##### INFORMATION SUPPLIED #####

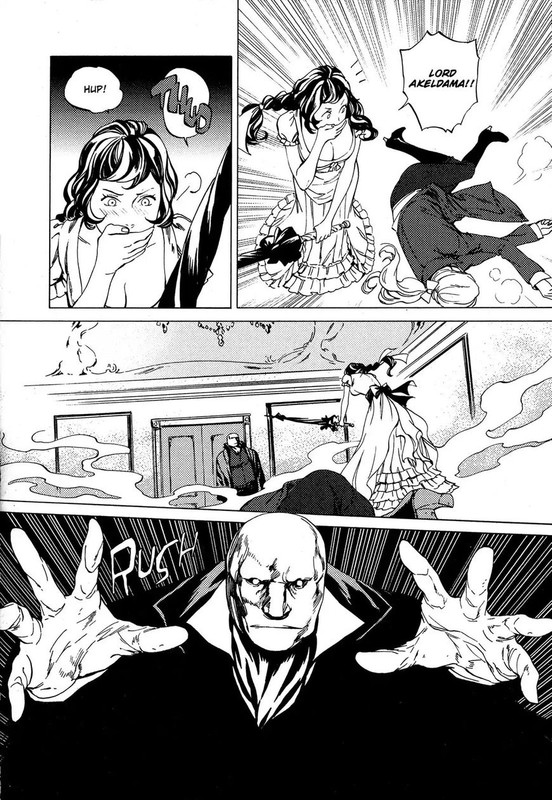 SoullessVol1-6
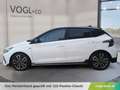 Hyundai i20 N-Line 1,0l T-GDI 100PS Weiß - thumbnail 2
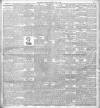 Liverpool Weekly Courier Saturday 08 April 1899 Page 5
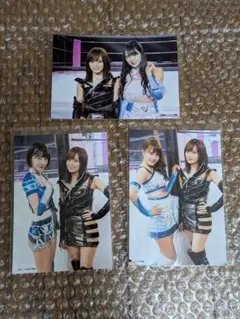山本彩 直筆サイン入りCD 2枚セット 71y8FEp60KL._UF350,350_QL50_.jpg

#####

PROBLEM TO SOLVE →
Only the lines from the line with "Hyundai i20 N-Line" through the final line of the material belong in the answer, copied exactly and without pictures.

REPLY →
 Hyundai i20 N-Line 1,0l T-GDI 100PS Weiß - thumbnail 2
 Liverpool Weekly Courier Saturday 08 April 1899 Page 5
山本彩 直筆サイン入りCD 2枚セット 71y8FEp60KL._UF350,350_QL50_.jpg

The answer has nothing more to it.